Is foreachPartition not supported on streaming queries? Is writeStream.foreach the only way to implement foreachPartition in this case?

I'd like to avoid sending each event as it comes, but rather accumulate all rows, form one giant POST request body and send it to a HTTP endpoint. So if 1000 events in a batch and 5 partitions, generate 5 requests in parallel with 200 events in each request body.

Upvotes: 2

Views: 2732

Answers (1)

Jacek Laskowski
Jacek Laskowski

Reputation: 74669

TL;DR Yes. foreachPartition action is not supported and you should use ForeachWriter instead.

Quoting the scaladoc of foreachPartition:

foreachPartition(f: (Iterator[T]) ⇒ Unit): Unit Applies a function f to each partition of this Dataset.

As you may have found out by now, foreach is an action and therefore triggers Spark execution.

Since you work with streaming Datasets, triggering their execution is not allowed using "traditional" methods like foreach.

Quoting Structured Streaming's Unsupported Operations:

In addition, there are some Dataset methods that will not work on streaming Datasets. They are actions that will immediately run queries and return results, which does not make sense on a streaming Dataset. Rather, those functionalities can be done by explicitly starting a streaming query (see the next section regarding that).

Among the streaming alternatives is foreach operator (aka sink).

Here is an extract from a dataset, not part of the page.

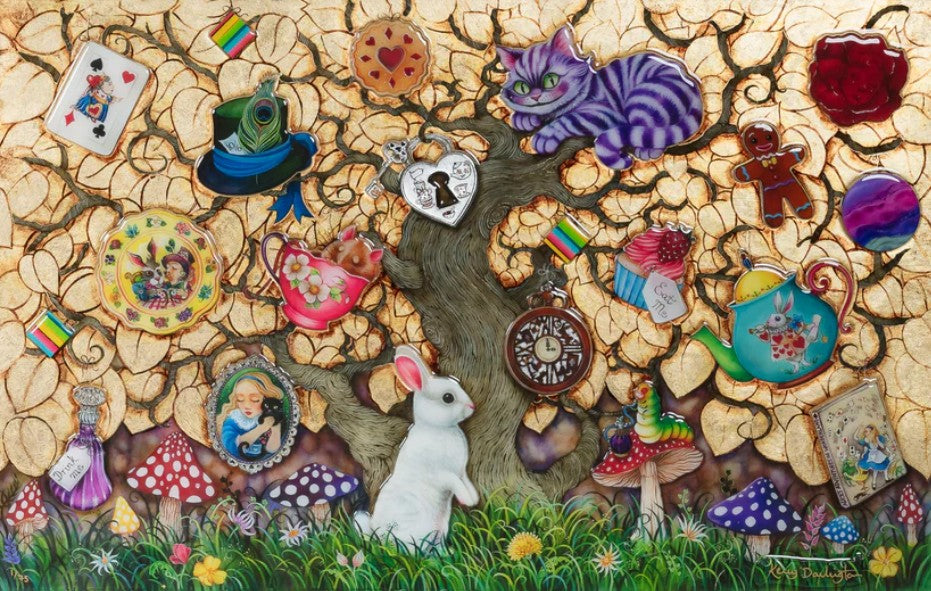 What Alice Found There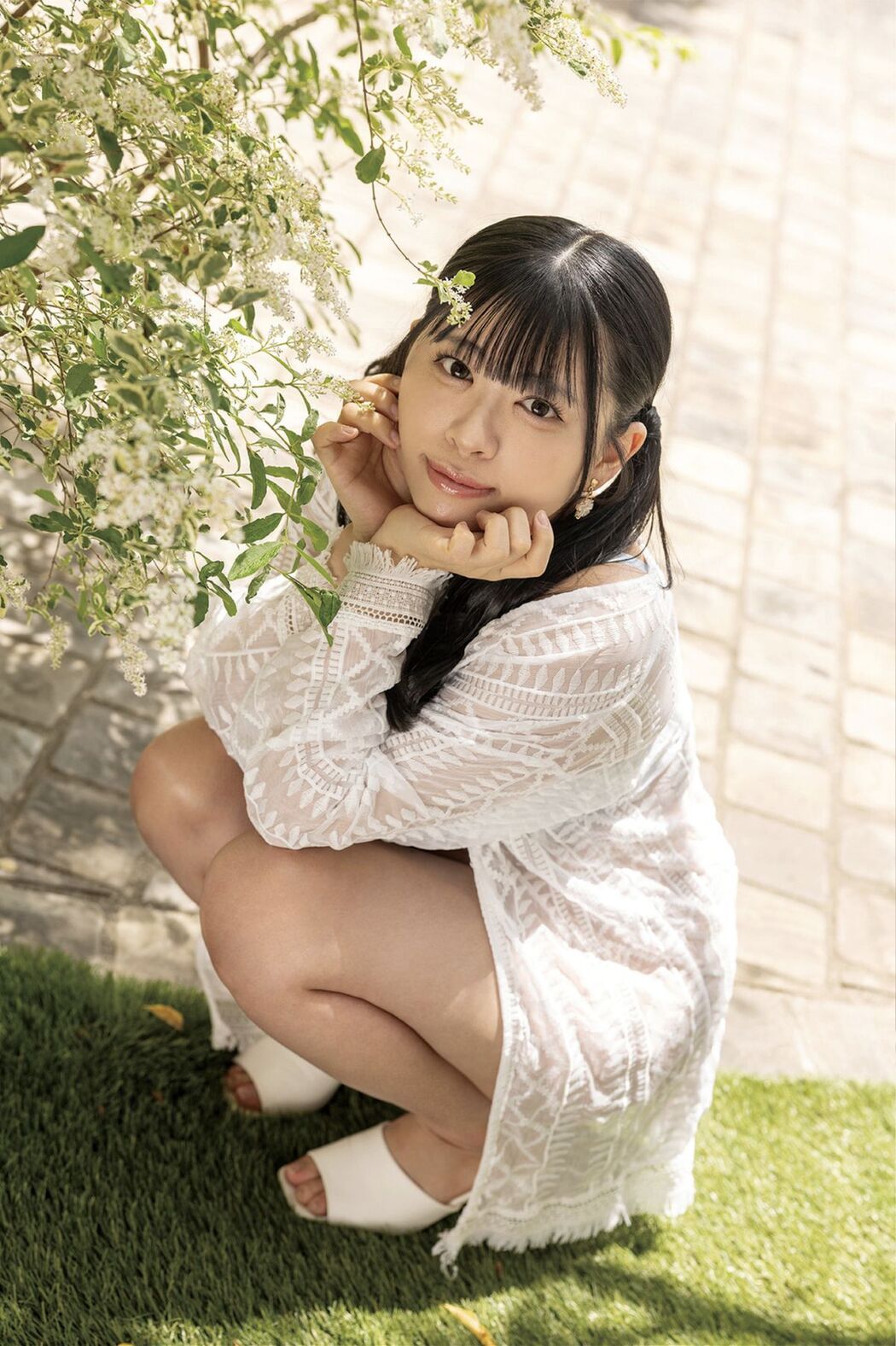 JP Hanayagi Anna 花柳杏奈 – 夢見心地 (50P)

That's how to do foreachPartition in Structured Streaming.

Quoting Using Foreach:

The foreach operation allows arbitrary operations to be computed on the output data.

To use this, you will have to implement the interface ForeachWriter, which has methods that get called whenever there is a sequence of rows generated as output after a trigger.


I'd like to avoid sending each event as it comes, but rather accumulate all rows, form one giant POST request body and send it to a HTTP endpoint. So if 1000 events in a batch and 5 partitions, generate 5 requests in parallel with 200 events in each request body.

That seems like an aggregation before writing the Dataset to a sink, doesn't it? Use groupBy operator and collect_list function to group rows so when you writeStream you'll have as many groups as you want.

I'd rather avoid dealing with this low-level feature of RDD called partitions as a way to optimize writes unless there is no other way.

Upvotes: 2

Related Questions